Rybakina se torna a 30ª jogadora da história a alcançar o número 1 do mundo desde que o ranking passou a ser publicado oficialmente, em novembro de 1975, quando Chris Evert liderava a lista.
A conquista destrona a bielorrussa Aryna Sabalenka, que ocupava o topo desde outubro de 2024, somando 107 semanas na liderança, tendo a décima maior sequência da história do ranking.
A atualização será oficializada na segunda-feira (14), após o fim do US Open, mas a matemática já está fechada: mesmo que não conquiste o título em Nova York, Rybakina assume o posto, já que os pontos acumulados garantem a diferença necessária sobre a bielorrussa.
Veja lances de Elena Rybakina na temporada 2026
Worthy of No.1 👏
Sit back and enjoy some of Elena Rybakina’s best points from 2026 so far! pic.twitter.com/2WPNl6Y2Kb
— wta (@WTA) September 9, 2026
Cazaque tem carreira marcada por dois títulos de Grand Slam
Nascida em Moscou, na Rússia, em 17 de junho de 1999, Rybakina decidiu representar o Cazaquistão a partir de 2018, em busca de mais apoio para sua carreira. Com a decisão, ela se transformou na tenista mais bem-sucedida da história do país, no masculino ou no feminino.
Com 1,84 m de altura, ela é reconhecida por um saque potente, que já registrou velocidades de até 192 km/h, e por um estilo agressivo desde o fundo de quadra, aliado a uma mentalidade fria sob pressão.
Seu primeiro grande título veio em 2022, quando conquistou Wimbledon aos 23 anos, batendo a tunisiana Ons Jabeur na final e se tornando a primeira tenista do Cazaquistão a vencer um Grand Slam.

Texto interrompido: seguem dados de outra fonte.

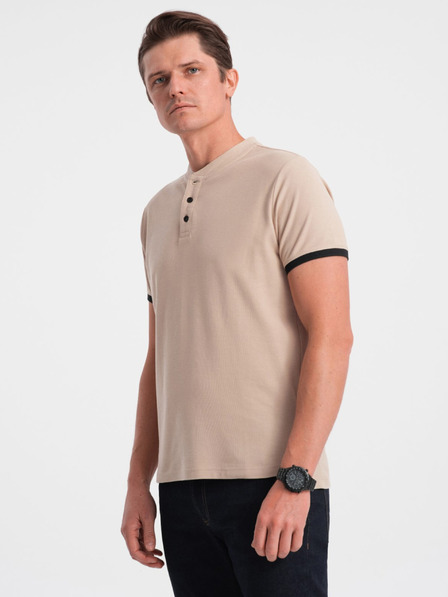 Ombre Clothing Béžové pánské polo tričko Ombre Clothing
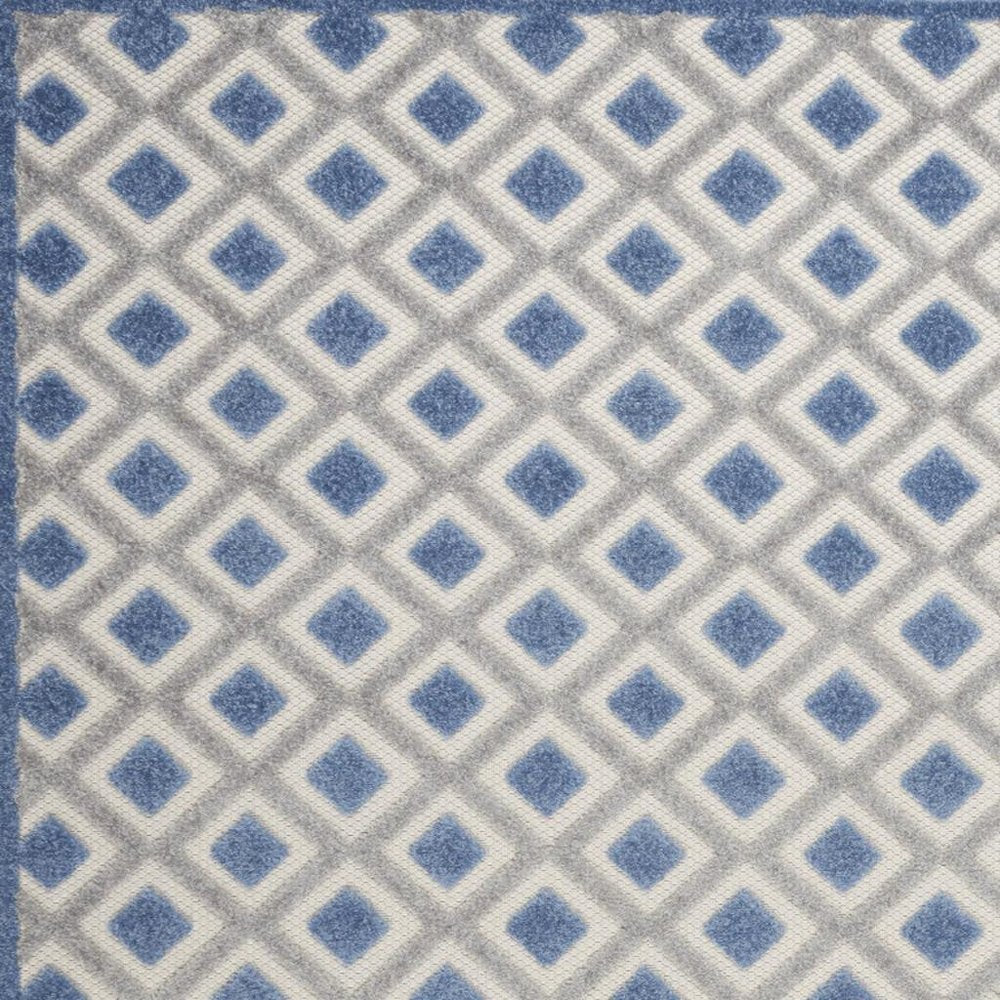 4' Blue And Gray Round Indoor Outdoor Area Rug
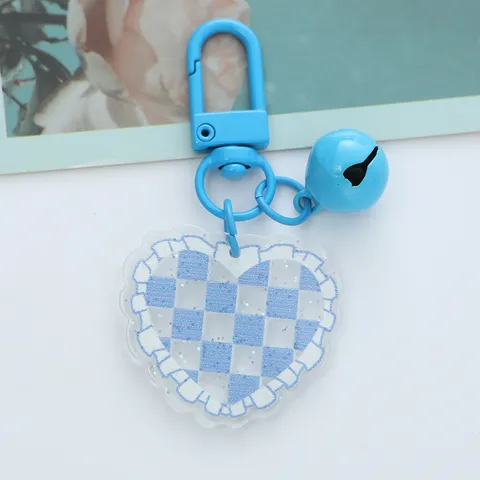 Fresh Heart Acrylic Checkerboard Keychain With Bell Cute Sweet Bag Pendant Car Keyring Headphone Case Decorative Charm
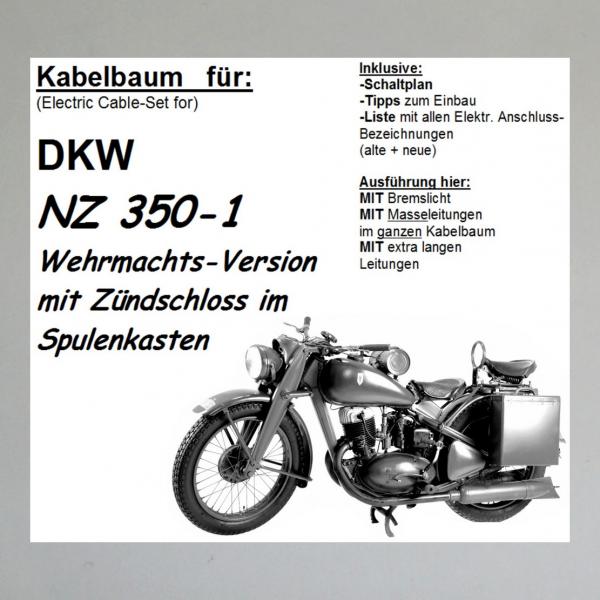 Kabelbaum/ Kabelsatz/ Leitungssatz Kabelbaum DKW NZ350WH, NZ350-1 (Zündschloss im Spulenkasten)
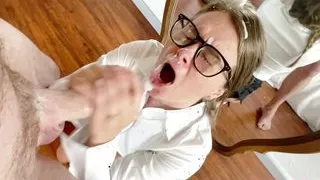 Secretary creampie and facial by hot boss with a big dick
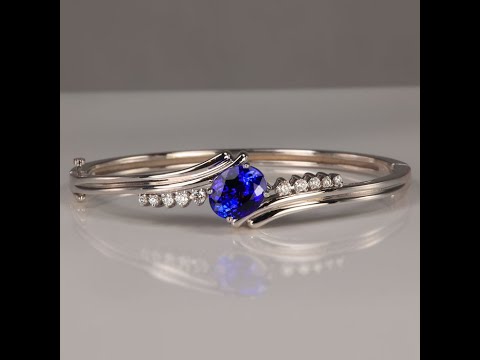 14K White Gold Tanzanite and Diamond Bangle Bracelet 4.01 Carats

O segundo troféu de Slam chegou neste ano de 2026, no Australian Open, com vitória sobre a própria Sabalenka na decisão, resultado que ajudou a construir a escalada até o topo do ranking.
Sequência de resultados fortes desde o fim de 2025
A ascensão ao número 1 é fruto de um período de 12 meses de resultados consistentes. Rybakina encerrou 2025 com o título invicto no WTA Finals, em Riad, faturando US$ 5,235 milhões, a maior premiação já paga no esporte feminino.
Na sequência, veio o título do Australian Open em 2026, além de conquistas como o WTA 500 de Stuttgart e boas campanhas em torneios de nível 1000, incluindo vice-campeonatos em Indian Wells e Toronto e semifinal em Miami.
Na chegada ao topo do ranking, aos 27 anos e 89 dias, Rybakina se torna a segunda tenista mais velha a assumir a posição de número 1 pela primeira vez na história, atrás apenas da alemã Angelique Kerber, que tinha 28 anos e 238 dias quando alcançou o feito, em 2016.
“É difícil encontrar palavras”, diz Rybakina após confirmação
Discreta mesmo em seus maiores momentos de carreira, Rybakina reagiu com a cautela de sempre à notícia. “É difícil encontrar palavras”, disse ela em quadra, logo após confirmar a matemática que a leva ao topo do ranking.
“Não comecei tão bem [a partida]”, completou a tenista, mais focada em descrever a evolução dentro da quadra do que em comemorar o marco histórico alcançado com a vitória sobre Zheng.
Agora, Rybakina tentará unir o feito no ranking a mais um título de Grand Slam. Com a vitória de Coco Gauff sobre Mirra Andreeva, a cazaque terá pela frente a americana na semifinal, marcada para a noite desta quinta-feira (10).